Exploring the LEGO Legacy: A 53-Year Data Journey with the Maven LEGO Challenge

Iwa Sanjaya
6 min readJan 24, 2024

--

It took me almost two full days to complete the data analytics project dedicated to the monthly Maven challenge. This time, the dataset focuses on LEGO, and in this article, I’ll explain the comprehensive step-by-step approach I took to finish the project.

Challenge Objective

Use your creativity and analytical skills to build an interactive dashboard or visual that allows users to discover the history and changes in LEGO sets over the last 50 years.

About the Dataset

It contains information on LEGO sets released from 1970 to 2022, including details like the theme, number of pieces, recommended age, retail price, and images for each set.

Company Profile

The LEGO® Group is a Danish toy company that was founded in 1932 by Ole Kirk Christiansen. The company is renowned for its iconic interlocking plastic bricks, commonly known as LEGO bricks, which allow users to construct a wide variety of objects and structures.

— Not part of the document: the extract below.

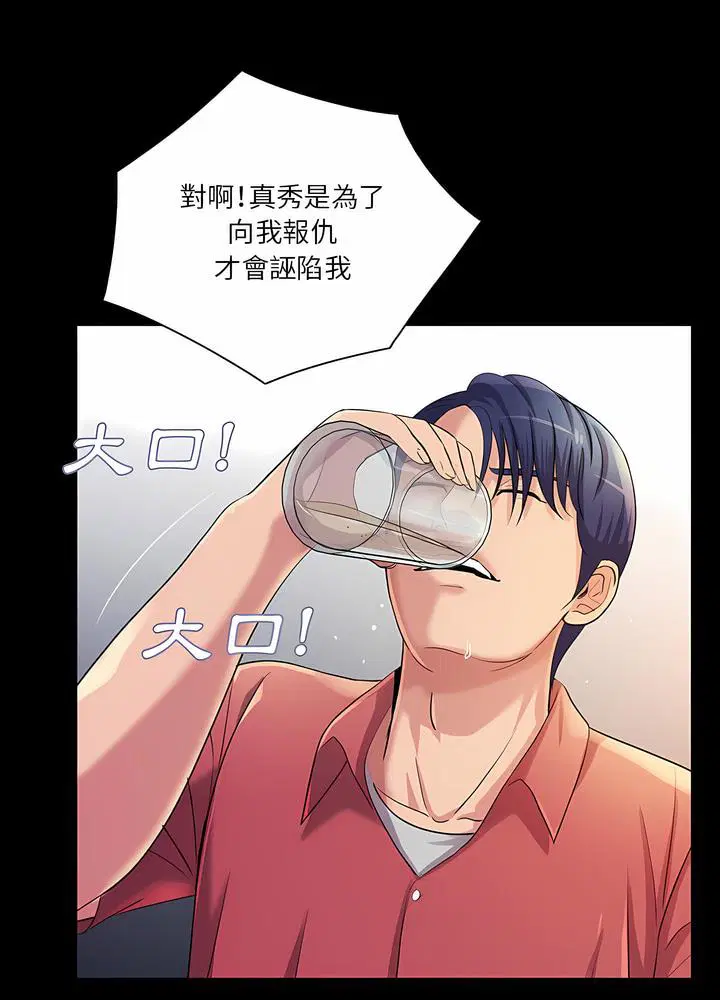 第26話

The company’s commitment to creativity, play, and education has made it a global leader in the toy industry. LEGO sets cover various themes, including licensed properties such as Star Wars, Harry Potter, and Marvel, as well as original themes like LEGO City and LEGO Technic.

Introduction

In this challenge, I developed a simple yet interactive dashboard to interpret and present my findings from the dataset to the stakeholders. To do this effectively, I assumed the role of a stakeholder, considering the information that might be crucial to them. This approach helped me identify what needs to be extracted from the data source. Consequently, I formulated the following questions to guide the analytical process:

  1. What has been the trend in LEGO sets over the past 53 years? Is there a correlation between the annual increase (or decrease) in the number of LEGO sets released and its impact on the company’s revenue and operating profit?
  2. How much is the number of LEGO sets produced for each category? Which category has the largest number of sets?
  3. What is the largest number of LEGO sets produced based on the number of bricks in each set?
  4. Is there a correlation between the prices of LEGO sets and the minimum age recommendations for those sets? If so, what could be the underlying reasons for this correlation?

Limitations

Missing (blank) values in some fields

I noticed numerous missing values in the dataset, particularly in the ‘pieces,’ ‘minifigs,’ ‘agerange_min,’ and ‘US_retailPrice’ fields, which could potentially compromise the validity of the final results. To address this issue, two approaches can be considered:

  1. Manually complete the missing values from alternative sources available on the internet (if possible), ensuring the validity of gathered data.
  2. Exclude the missing (blank) values from the calculation and visualization process. Filter out these values or entries from the table or charts to prevent the presentation of misleading information.

Each method has its pros and cons. If you proceed with the first approach, you’ll need to put in the effort to gather and check additional data. However, if you do it right, this approach can make your final results more reliable. On the other hand, the second approach is simpler. You just leave out the missing information from your calculations and visuals, but this might affect the accuracy of your end result.

However, in this case, I decided to proceed with existing data and leave out the missing values because I think it already gives good overall view of the trends over the past 53 years.

Step 1: Data Cleaning

This step is not required as the data source is already clean.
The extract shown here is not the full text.